I wonder how much people will focus on the "while I sat in church" business – Obama has said he wasn't there for the stuff ABC has on video (most of which was taken after he was a DC-bound senator, I think), so the spelunking into sermon tapes will probably continue. At least it's more contrite than Mitt Romney's pandering "here, let me pivot and beat up atheists" speech.

UPDATE: Byron York is the de facto skeptic on the speech: "Obama concedes he has heard "controversial" remarks from Rev. Jeremiah Wright during services Obama attended, although Obama does not say what those remarks might have been." Agreed: If the press corps wants to know more about those remarks, they'll keep peppering him with questions about specific sermons. My limited experience with the Obama press corps suggests that they won't. They want to be tougher on him, and the "Obama, hope of his countrymen" story has run its course, but they are not interested in breaking down the doors of his church. Just as they eventually stopped asking Bill Clinton about Gennifer Flowers, they will pull back and start asking Obama about something else.

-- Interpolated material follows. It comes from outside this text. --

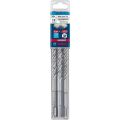 Bosch Expert 12X215 mm 10’lu Yeni Sds Plus-7x Matkap Ucu 2608900174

UPDATE: From Jonathan Martin:

Just as when Mitt Romney addressed another sensitive matter, religion, last December, I can pretty much anticipate the insta-reviews: great success.

Why?  

Because those assessments will come largely from elites, a niche that is uncomfortable with race and religion playing too prominent a role in campaigns and that looks kindly upon those candidates who seek to move us beyond the embarrasing bigotry of the past.

What actual voters think is a different story, of course.   

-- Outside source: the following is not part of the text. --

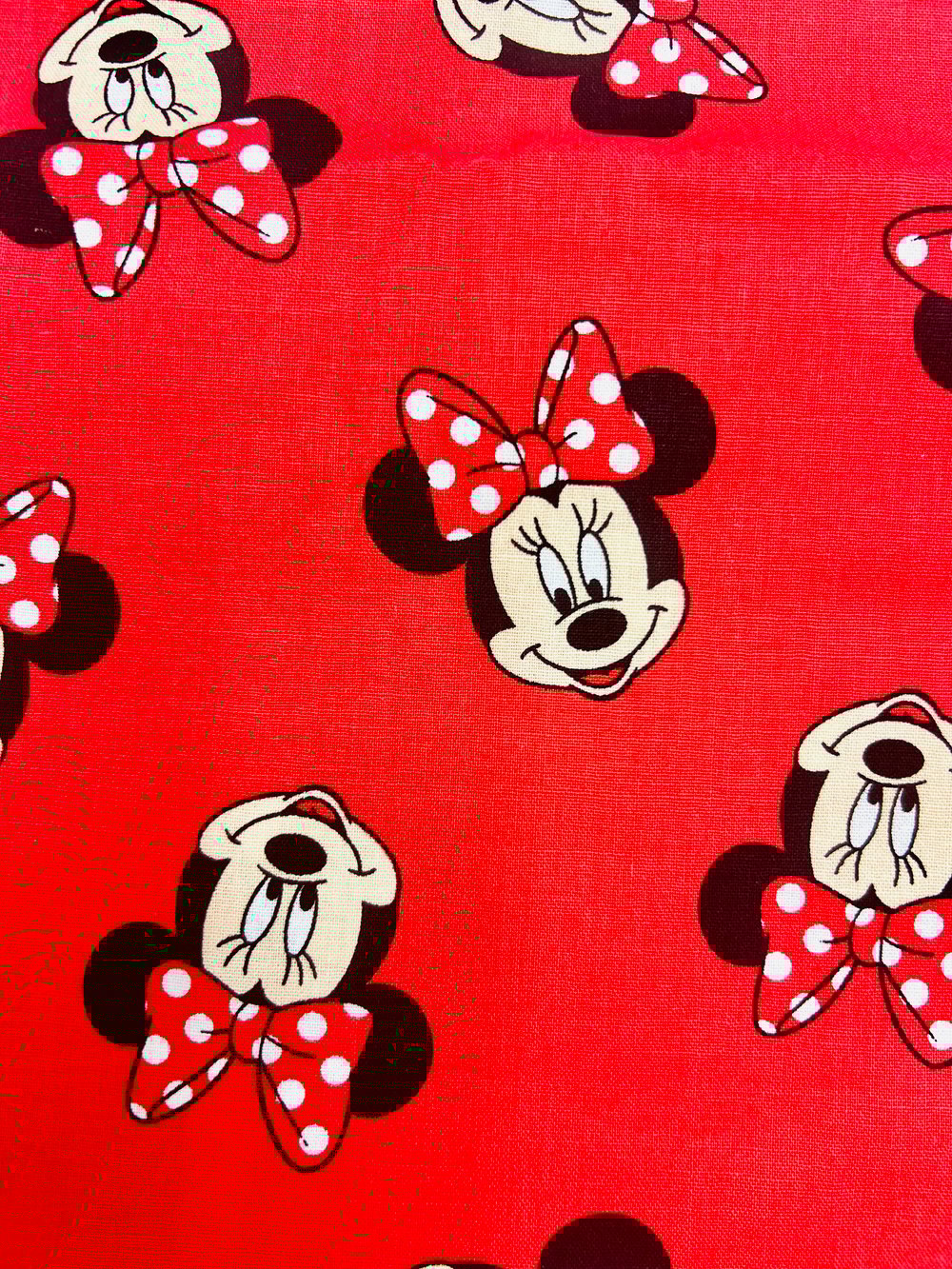 Image of Travel Neck Pillows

Just ask Romney. His speech, a month before the Iowa caucuses, won rave reviews from both mainstream commentators and other Christian Right elites.

Well, the elites understand white Democrats a hell of a lot better than they understand Christian conservatives. So I don't believe reaction to this will be as tone-deaf. But the political media wants Obama to succeed more than it wanted Romney to be the GOP nominee, so some of the difference will be muted. Also, I need to go back and look at the polls, but I'm not sure that a majority of GOP voters were aware that Romney was a Mormon: Certainly the number who did surged after the speech. Obama has been winning primaries when every voter knows he's black and a certain minority (around 10 perent) think he's a Muslim. But they saw him as a "good" black candidate, one with nothing in common with the Al Sharptons and Louis Farrakhans they reel from, and this controversy was changing that.